Bersyukur aku diberikan sedikit sakit dua pekan ini, sehingga aku bisa rela ketika aku tidak melakukan apa-apa di akhir pekan. Berkat hal ini, aku merasakan kemacetan dalam otakku sedikit terurai. Sehingga, aku bisa berpikir lebih jernih untuk menata kembali langkahku. Ya, nggak ngapa-ngapain itu bukan berarti tidak melakukan apa-apa (karena sesungguhnya kita sedang menghimpun kembali tenaga yang telah habis). Sebenarnya, kita juga butuh recharge tenaga dengan rehat dan menurutku ketika kita sedang nggak ngapa-ngapain itu kita sedang ngapa-ngapain (nah lho). Intinya, jangan lupa untuk istirahat dan bersantai! Nggak apa-apa ambil waktu untuk santai. Seperti jalanan Jakarta, kalau lagi macet kita nggak akan bisa kemana-mana. Stuck. Tapi, kalau sudah lowong mau kemana-mana gampang bahkan jalanan yang tadinya nggak kelihatan karena tertutup ratusan kendaraan jadi terlihat jelas.
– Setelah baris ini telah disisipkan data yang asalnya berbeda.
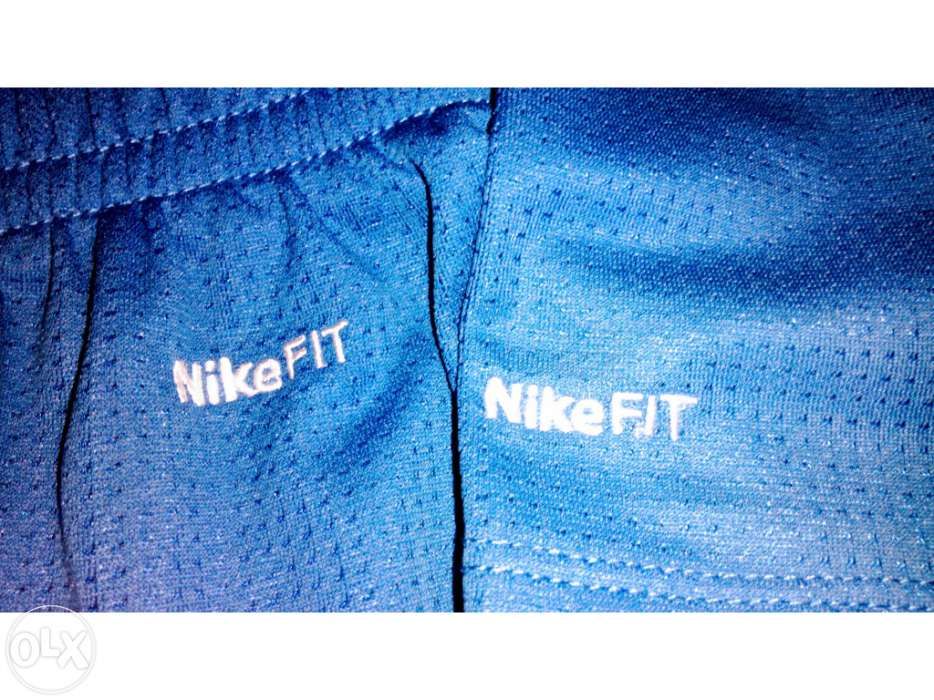 Conjunto Desportivo Nike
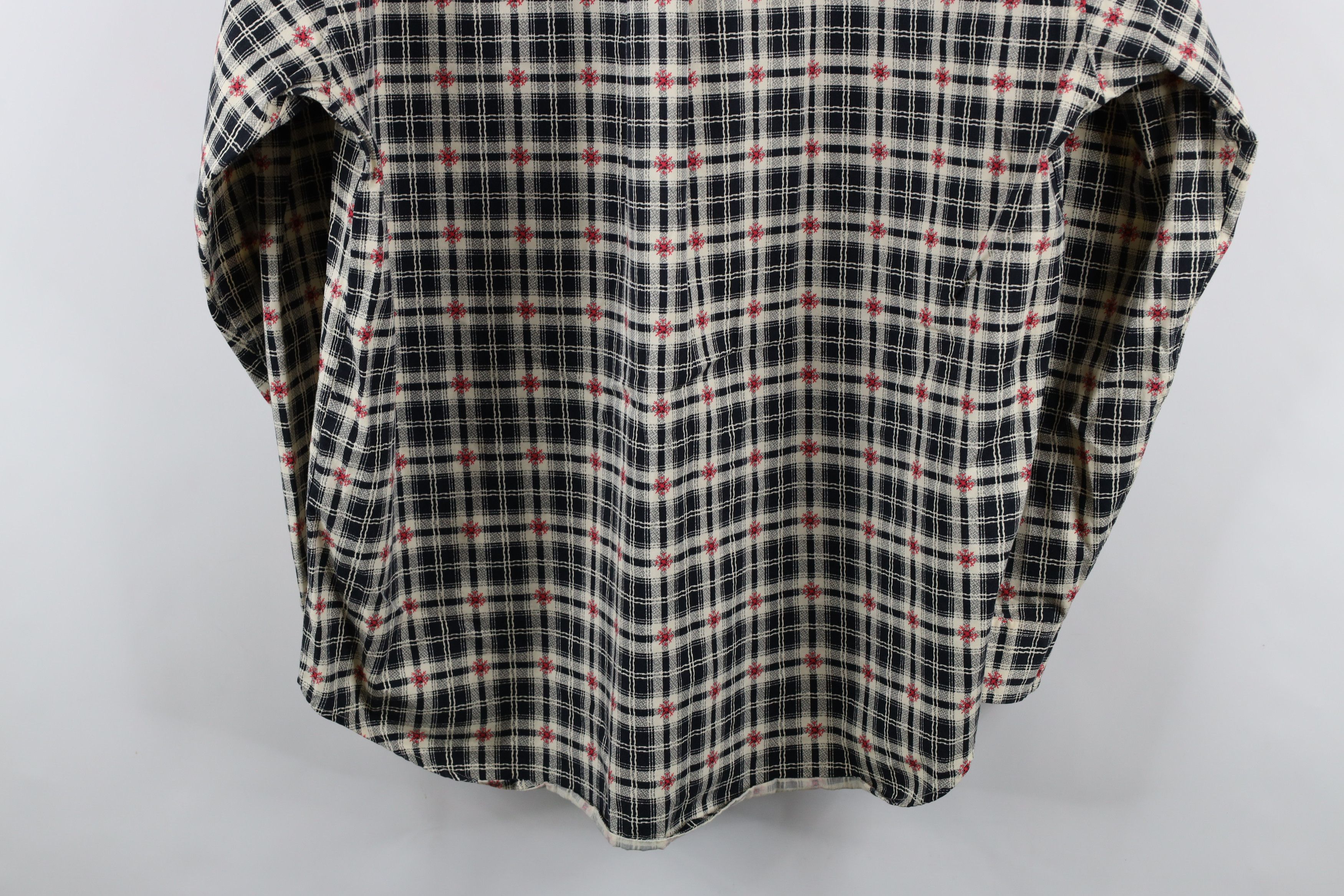 Tommy Hilfiger × Vintage Vintage 90s Tommy Hilfiger Snowflake Button Down Shirt Plaid Size US L / EU 52-54 / 3 - 11 Thumbnail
Sama seperti tubuh dan pikiran kita, kalau sedang padat dengan berbagai macam hal jelas sulit untuk melihat sesuatu dengan jernih. Maka, perlu istirahat sejenak mengurai ‘kemacetan’ yang ada dalam diri kita. Setelah energi kita kembali, tentu semua hal akan terlihat lebih jelas.

Mengurai kemacetan itu nggak melulu harus dengan ngotot senggol sana sini untuk cepat sampai. Tetapi, bisa dengan berhenti sejenak biarkan arus menjadi surut dan lanjut jalan lagi, atau.. jalan pelan-pelan dengan sabar. Yaa.. meskipun pada akhirnya harus mundur selangkah, tapi setelah itu kita bisa melaju beberapa langkah dengan tempo yang mungkin lebih cepat.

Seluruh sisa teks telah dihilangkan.